A unique local experience was a private sunset farm tour and dinner at Podere Il Casale, a 65-hectare organic farm offering a jaw-dropping view of the same. Dinner was served in the 600-year-old farmhouse where the owners live, cook and service their property.
Historic Masterpieces and Medieval Villages
Siena did not disappoint. Upon arrival, we visited their Gothic Cathedral dedicated to the Assumption of Mary. Stunning inside and out, it features the jaw-dropping work of Italy’s finest artists including Michelangelo. We were also fortunate to view the cathedral’s unique 56-panel mosaic marble floor, uncovered only during the month of July and from late August through to late October.
Next, we visited the stone towns of Volterra and San Gimignano. Boasting 14 of their 72 medieval original towers, San Gimignano was once a thriving stop for pilgrims traveling enroute to Rome. Today, the town’s easy accessibility from Italy’s major highway, continue to make it very popular with tourists. An early afternoon visit allowed our group to disperse and enjoy free time without the masses. Volterra is another walled, mountain-top town with rich history dating back to the eighth century BC. Known for its unique Etruscan and Roman architecture, and the production of Alabaster products, it has attracted a more artistic type of local. To our delight, we found it to be much less touristy or crowded.

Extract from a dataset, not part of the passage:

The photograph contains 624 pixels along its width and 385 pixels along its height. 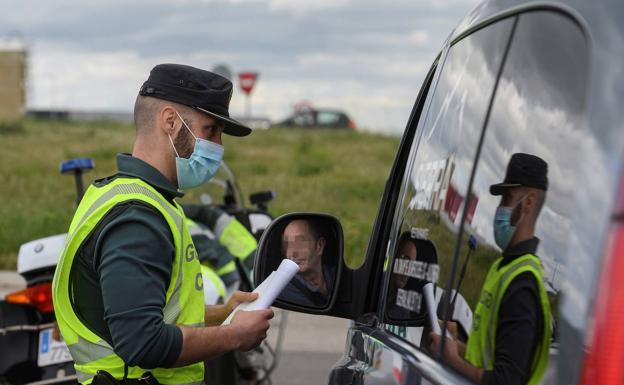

The latter part of our tour brought us to the town of Lucca. Arriving at our beautiful villa at dusk was a welcome respite after a busy day. Originally built as a hunting lodge, today it is a charming 15-room boutique hotel nestled in the countryside surrounded by olive groves. Best of all, this was our home for the next eight nights.
A walking tour of Lucca with a very passionate historian and guide, took us back to the fifteenth century. Very much lived-in, the historic center is enclosed by large walls, known as ramparts, where you will find locals and visitors alike enjoying a stroll or bicycle ride. After our walking tour, we set off to the nearby hills and wine region of Montecarlo where we enjoyed a private wine tasting and Italian feast at a local winery. The beautiful weather allowed us to enjoy a leisurely lunch al fresco under a pergola and walkabout the estate and vineyard.
We chose Lucca as our base for its close proximity to many of Tuscany’s popular towns and sites such as Pisa, Florence, Seaside and Cinque Terre. We went to Pisa in late afternoon to skip the crowds. The cathedral is a must, and Baptistery a gem, especially every 30 minutes when the attendant breaks into song to give visitors a demonstration of the amazing acoustics.
Our day in Florence to see Michelangelo’s David was truly spectacular. If you really want a local experience, visit the Mercato Centrale. A famous outdoor and indoor food emporium accessible from the San Lorenzo leather market area. Peaceful moments can be experienced at the Boboli gardens, often described as an open air museum and easily accessible in the Oltrano area of Florence. Of course, one cannot miss the Ponte Vecchio, Piazza della Signoria/Uffizzi Gallery and the Duomo. Our day ended with a trip to nearby Piazzale Michelangelo, a popular lookout providing a fantastic sunset panoramic view of Florence.
We travelled from La Spezia by boat to Cinque Terre to ensure the best views of these iconic multi-colour villages clinging to the rugged coastline. We travelled from village to village by train and all were unique in their own individual way.
Our tour ended with the satisfaction of knowing that we, as a group of like-minded individuals, were able to visit the authentic towns and popular attractions of Tuscany. We were fortunate to share the experience of visiting so many local venues and places that over the centuries have inspired famous artists and poets, and yet were still tucked away from the crowds and carefully preserved for our enjoyment and respect.